如此否定一个、肯定另一个“人类中心主义”,这岂不矛盾吗?回答是否定的。还是继续以摇篮为喻来阐述其中的道理吧。在地球这个硕大无朋用各种果枝编织的维系生命的摇篮中,各种骨干果枝都对摇篮具有结构性意义——每一种、每一根都联系着维系着人类生命的存续。作为这个摇篮养育的孩子,人类绝不能随心所欲地砍断这些骨干枝条,自毁家园。但是,如果因噎废食,不再砍伐或采摘,人类甚至不能动物般地生存,如此一来,这地球摇篮保护得再完整又有什么意义呢?因此,人类明智的选择,只能是既采摘果实果腹,伐取可再生枝条建屋,又维护并确保自己生命摇篮安全。如此要求,简单说来,就是人类一面要合目的地向大自然索取,一面要合规律地保护自然生态平衡,以求得与自然和谐共存,在合规律基础上合目的,满足人类生存发展的满足。一位哲学家朋友曾问我,人类为什么一面要保护大熊猫的生命,一面却天天要吃猪吃羊呢?道理很简单,保护大熊猫是为了保护生态系统,养猪养羊,养肥了就吃,不涉及生态系统,只是为了满足人的生存需求。

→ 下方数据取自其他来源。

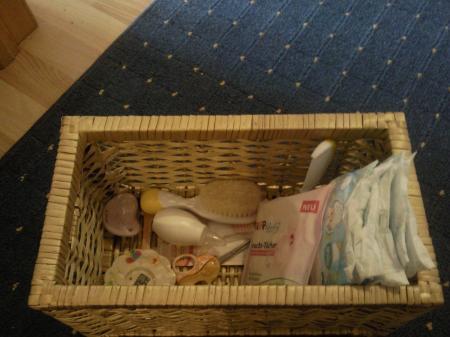 Bild zu 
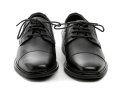 Wild Leger-03TC schwarze Herren-Businessschuhe | ARNO-schuhe.de – Schuhe mit Tradition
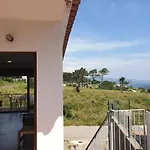 Xaloc, Apartament Amb Vistes A Mar M4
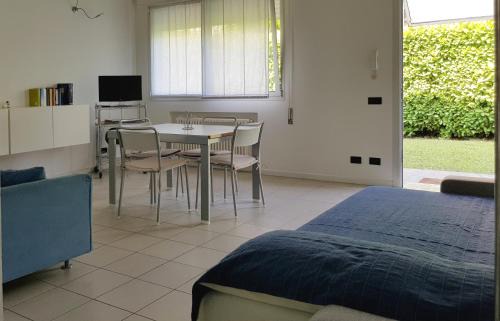 Abano Terme House | Casa Nicky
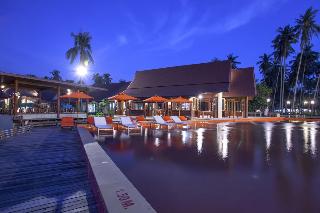 Koh Kood Paradise fotoÄŸrafÄ±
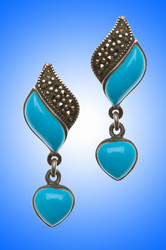 Similar image 1160481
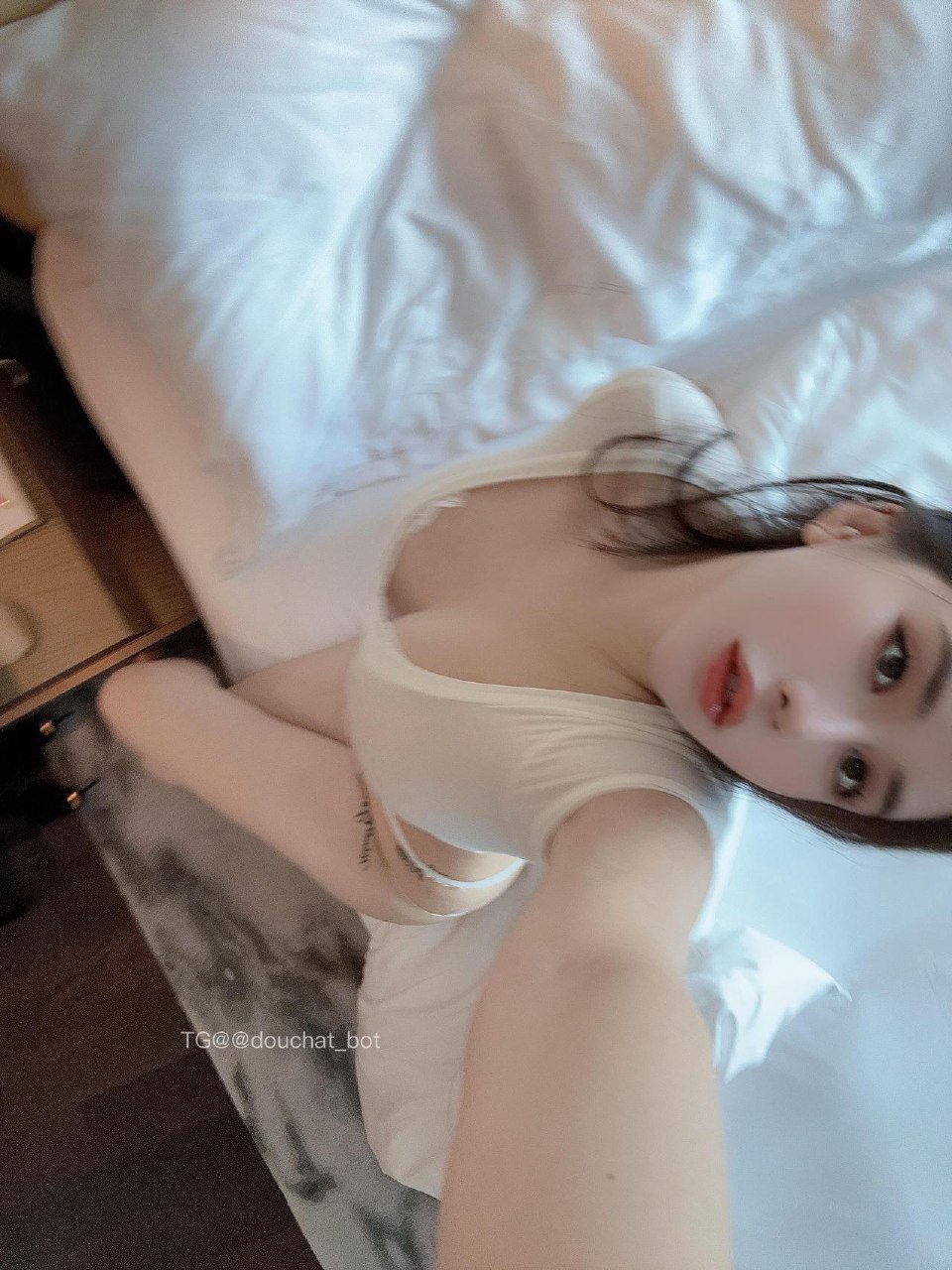 阿色 2024-07-31 15:34:54 铁粉专享 专属大图x️️12 真的太诱人了 第11张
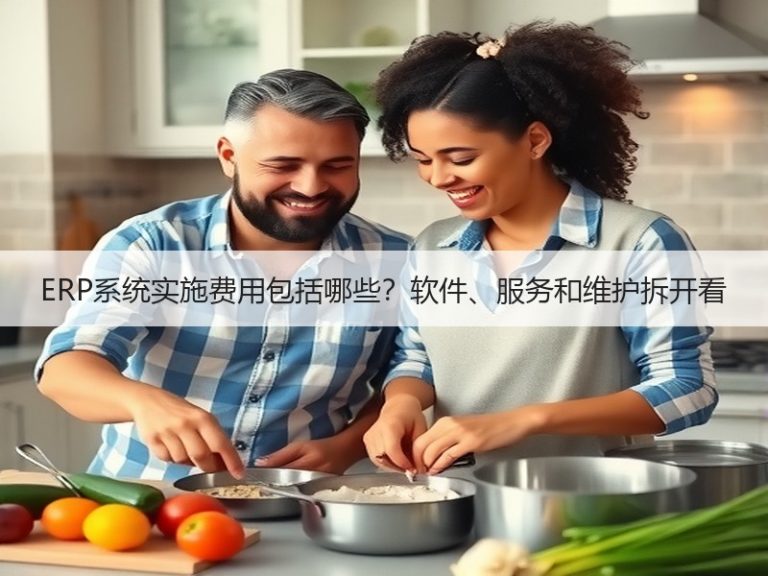 费用参考 - 诺云Meta企服知识库-图5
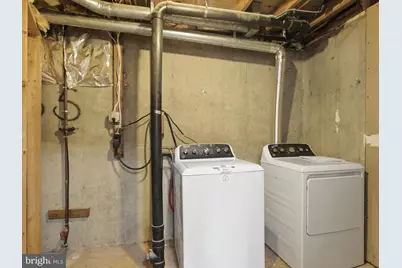 10875 Stone Hill Lane, Manassas, VA 20109 - Photo 31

尽管这仍可说是“虚伪”,但当人类做出如此理性明智选择的时候,便意味着人类已第二次觉醒,“生态美”就是这觉醒的标志,它体现出了人类对自然的尊重,这种尊重,是真诚的,并不是虚伪的。生态美的意义在于,它使人类不是再无条件地欣赏自然美,更不再无条件地赞赏人化自然的文化美,而是以生态为“人化”的红线、为审美的重要尺度。凡是破坏生态规律的“自然”与“文化”客体,便丧失了肯定人类生命本质的“美”的资格。那些直接破坏自然生态的毁林毁草、滥杀野生动物行为、以及严重危害人类安全的污染行为等等就不必说了。眼下,特别应否定的是那些打着美学旗号的伪美行为。譬如,北方城市移栽南方树木,美其名曰:四季有绿;城市里移栽农村的大树,美其名曰:大树进城;城市道路铺上花岗岩、花岗岩上摆上花盆、花盆里再栽上绿化树,美其名曰:美化城市……。更可气的是,许多城市,包括南方城市,不栽真树栽假树,不种真花种假花,连庐山上盛开的都是假梅花!老夫站在生态美立场上,每每见到此类现象便大生怒气:此可忍,孰不可忍!南方的树,就该待在南方;农村的大树,就该留在农村;城市街道的遮荫树,就该栽在地上;假花你可放到家中自欺自乐,怎能摆放到大自然中欺人欺世!正是从这个角度讲,生态美学,也是当代的批判美学;生态美学家,任重而道远。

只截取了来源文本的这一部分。